George and Essie Davis are both glad the piece of art will live on.

When George Davis won a competition to design a mural outside Hobart's former ABC television studios in 1960, he never thought it would still be there today.

Made up of 150,000 Italian glass mosaic tiles, the mural covers 19 metres along the side of the building on Sandy Bay Road.

"The actual making of the mural took a long, long time. I had all of the central figures laid out on a huge purpose-built table," Mr Davis said.

"I'm very, very pleased that it's still there and will outlast me."

On Monday night, the Hobart City Council overwhelmingly voted to demolish the building and build two residential blocks containing 45 apartments, communal spaces and a cafe.

The building belongs to the Fragrance Group, which bought it from the University of Tasmania in 2017.

But the tiled mural, which is permanently listed on the Tasmanian Heritage Register, is set to be maintained on the streetscape as part of the new development.

"It is heritage-listed and I've been assured that it will be underpinned," Mr Davis said.

He said losing the mural would have been "devastating".

His daughter, Tasmanian actress Essie Davis, said she thought the mural was "a great work of art".

"I've always been extremely proud of my father's work. He's an extremely fine artist, master draftsman and a colourist, observer of nature and humankind," she said.

"And I think this is one of the great artworks I've seen in the world.

"I think if you make a great work of art like that, you expect it to be forever because that's how we remember culture."

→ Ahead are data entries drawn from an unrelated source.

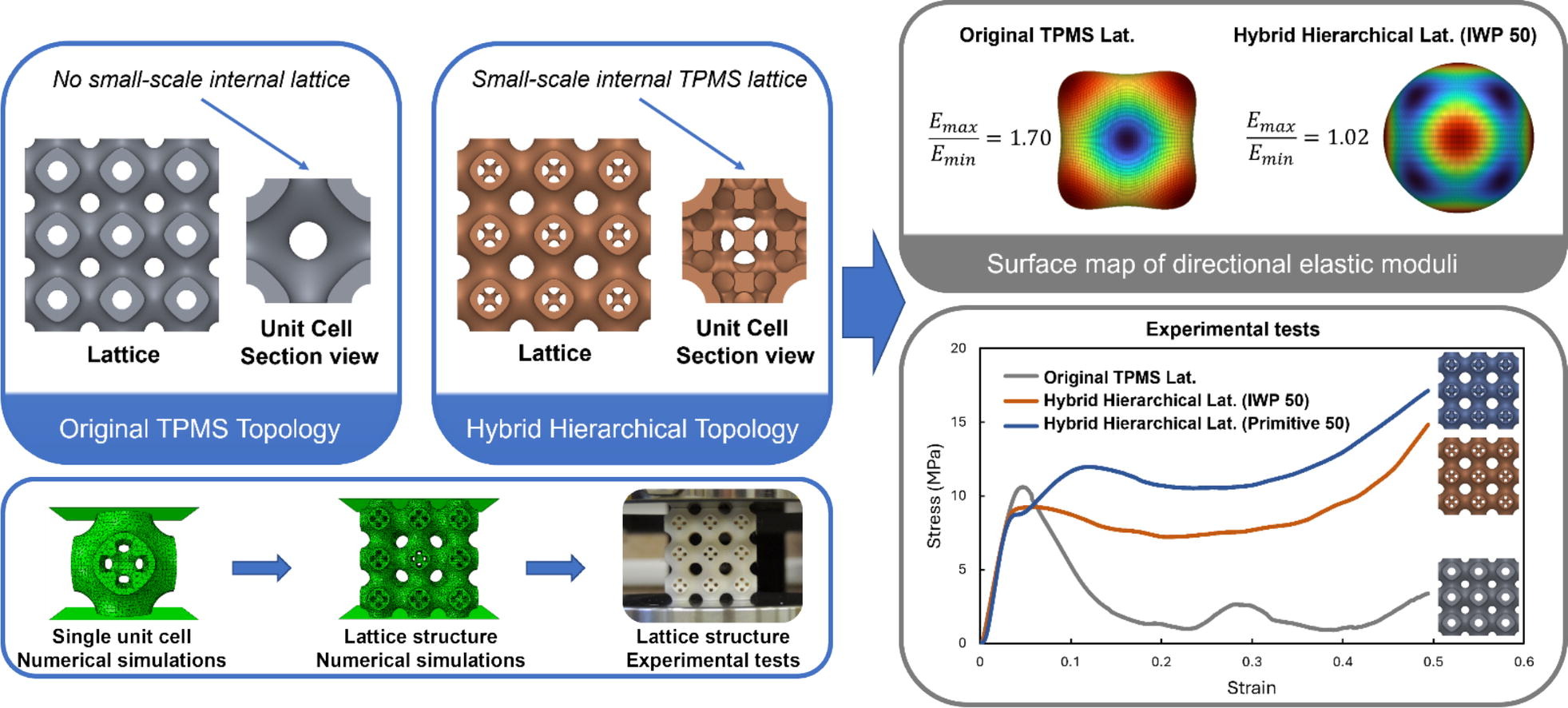 Read more about the article A novel hierarchical triply periodic minimal surface unit cell 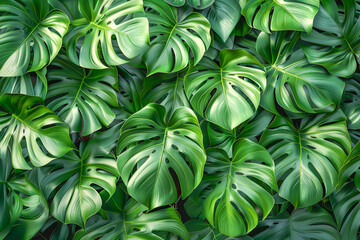 Obraz premium Background of monstera deliciosa tropical leaves forming a repeating pattern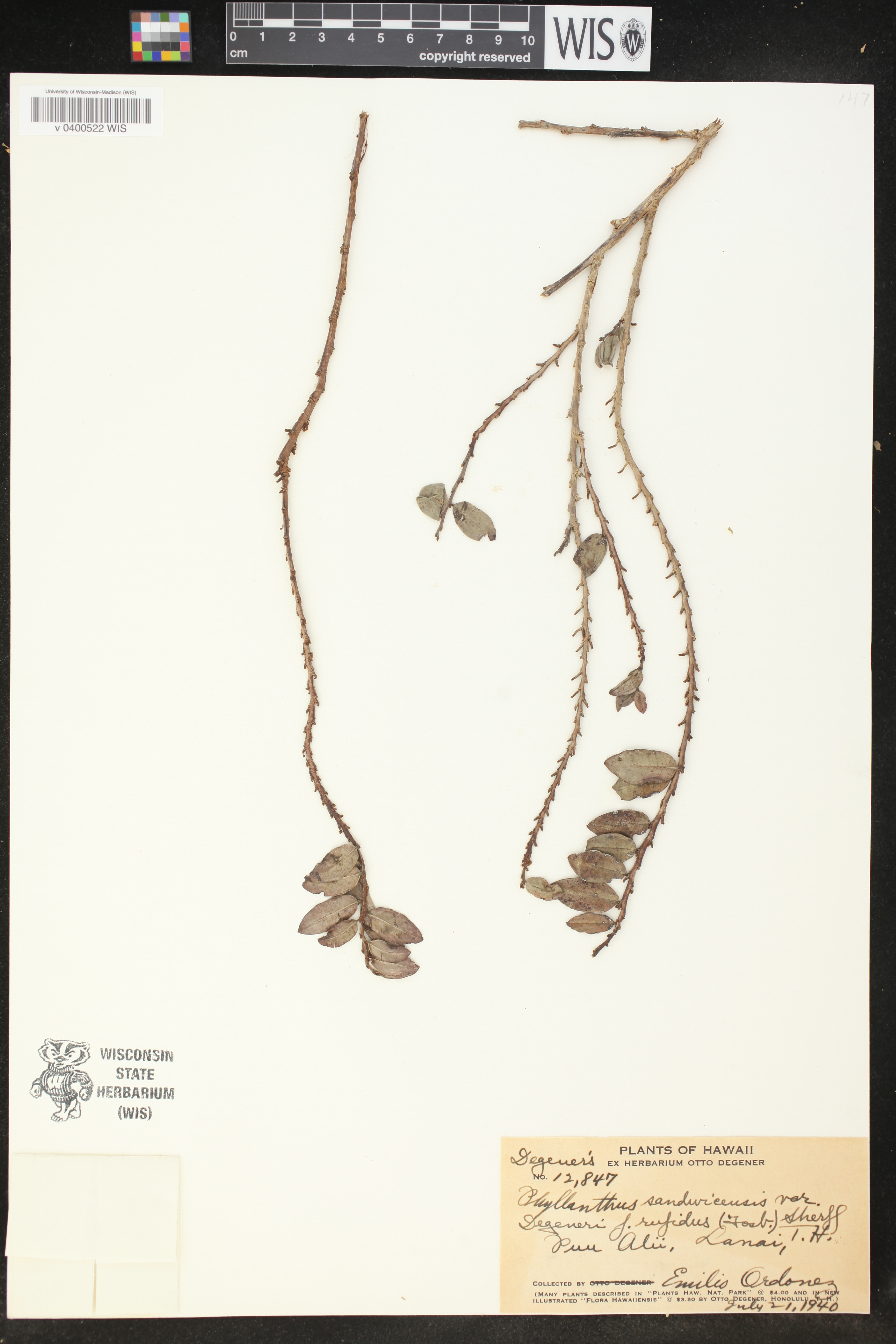 Phyllanthus sandwicensis var. degeneri image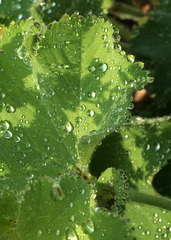 Lady's Mantle and Dewdrops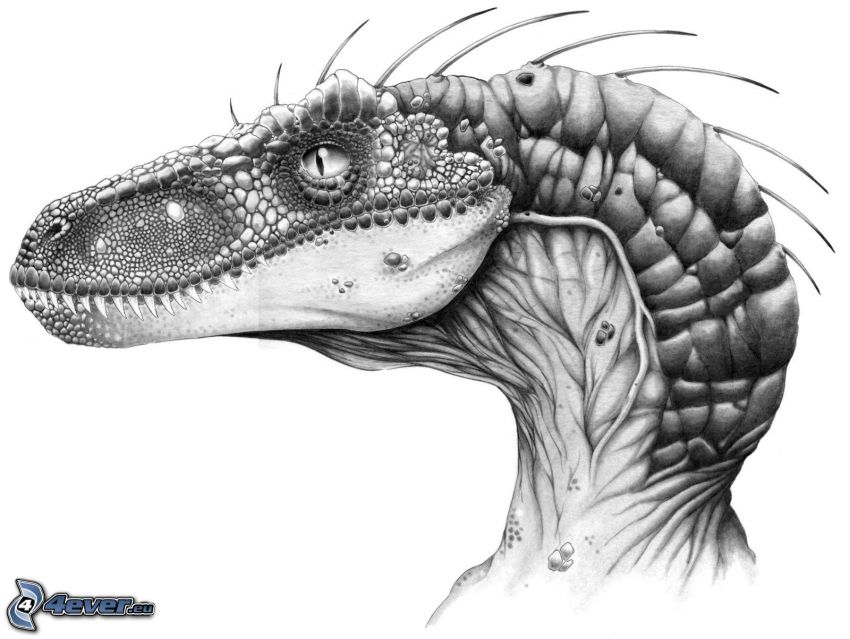 850x639 Dinosaur - Dinosaur Head Drawing
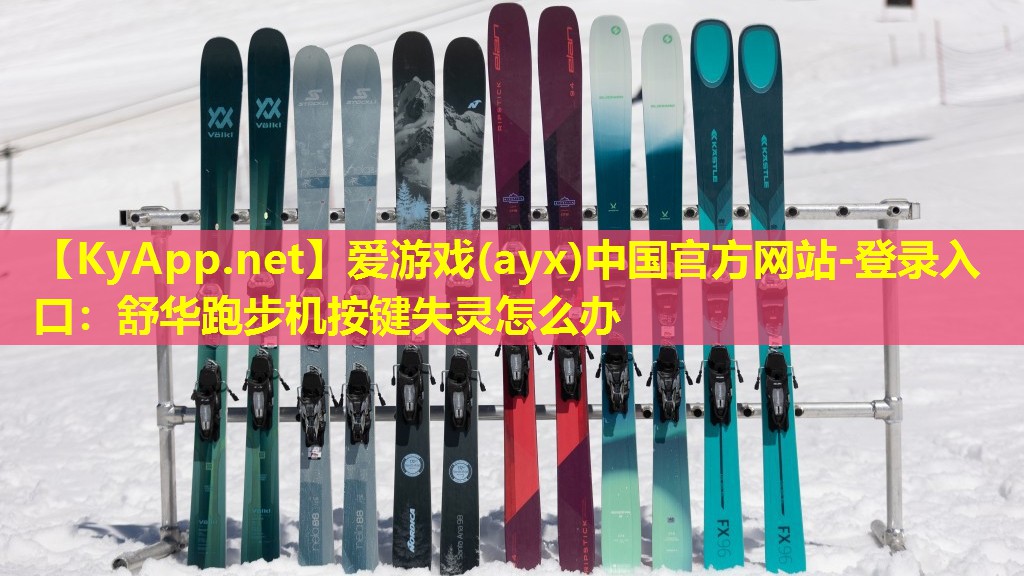 爱游戏(ayx)中国官方网站-登录入口：舒华跑步机按键失灵怎么办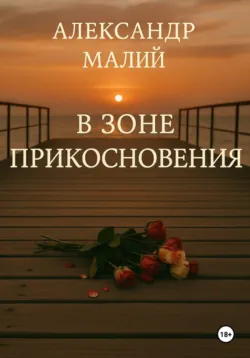 В зоне прикосновения - Александр Малий
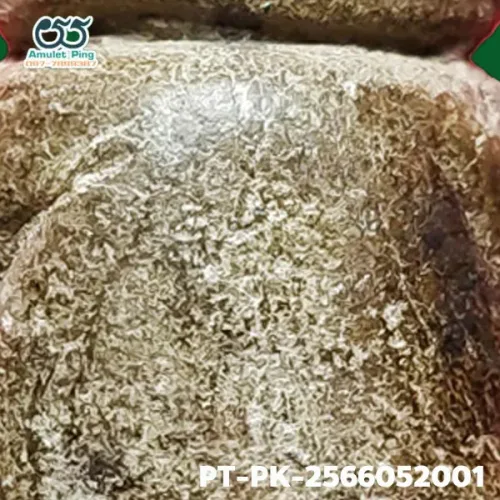 100 倍放大 — 龍婆橋佛牌 立體圓雕 藥草料 瓦格瓦寺 春武里府 佛曆 2400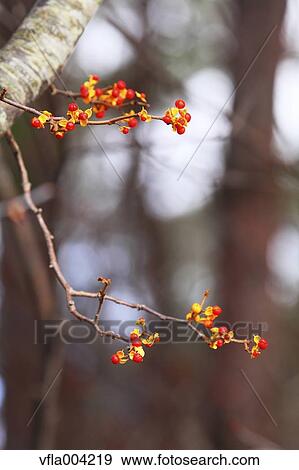 Red berries View Large Photo Image Stock Photo - Red berries. Fotosearch
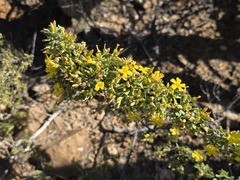 Oxalis virgosa, photograph (c) Cesar Ormazabal, some rights reserved (CC BY)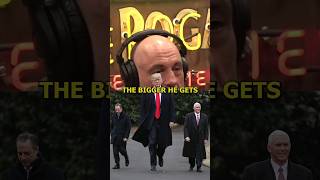 The More They Come After Him The Bigger He Gets  Joe Rogan [upl. by Alfie366]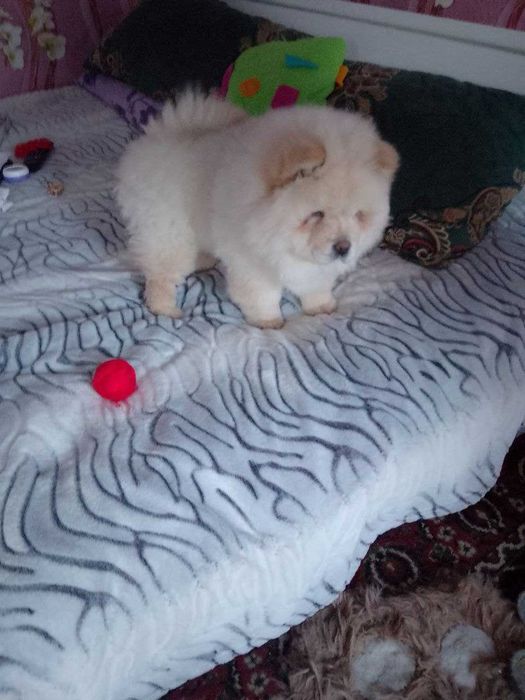 Продам цуценя чау-чау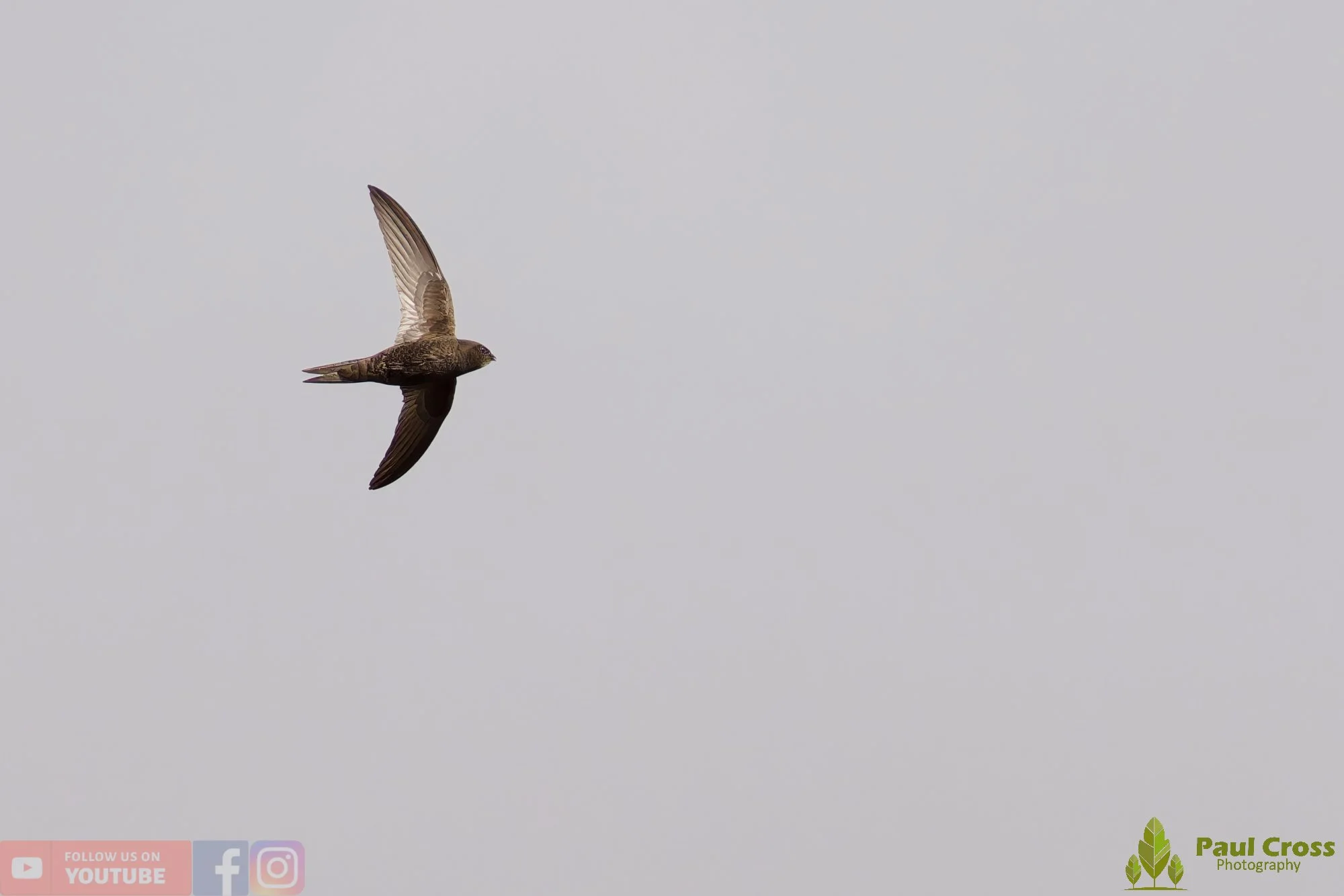Swift-00119.jpg
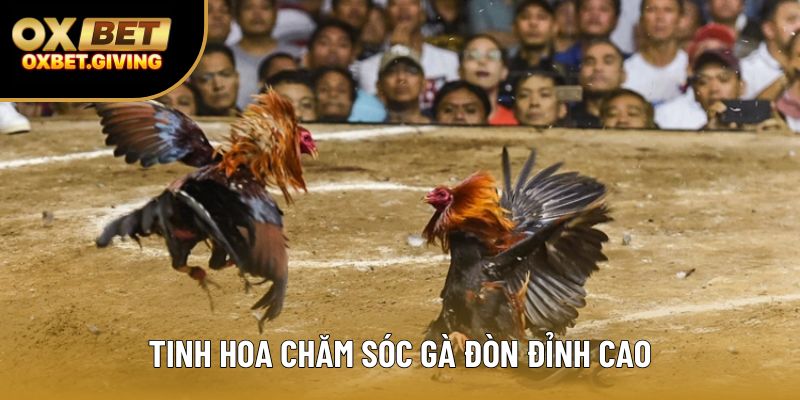 Tinh hoa chăm sóc gà đòn đỉnh cao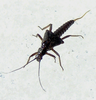 Taeniopteryx nivalis (Fitch, 1847): Nymph crawling over ice. Wisconsin River, WI, Mar. 2009. (Otu).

The ABC began planning to move studios in the early 1980s, and the future of the mural was placed under threat.

Former ABC Tasmania newsreader Peter Gee worked in the building for six years.

"The newsroom was up on the fourth floor, and the studio was down on the ground floor," he said.

"Production people and those with the scripts for the newsreader on the floor had to belt down the stairs normally, because the lift was pretty unreliable and very slow."

He said even though the ABC's connection with the building ended many years ago, the mural would stay on representing what was once there.

"The ABC will always be tied to it, and the mural will stay, so at least there is something from the artistic side of this building's history that will always stay there," he said.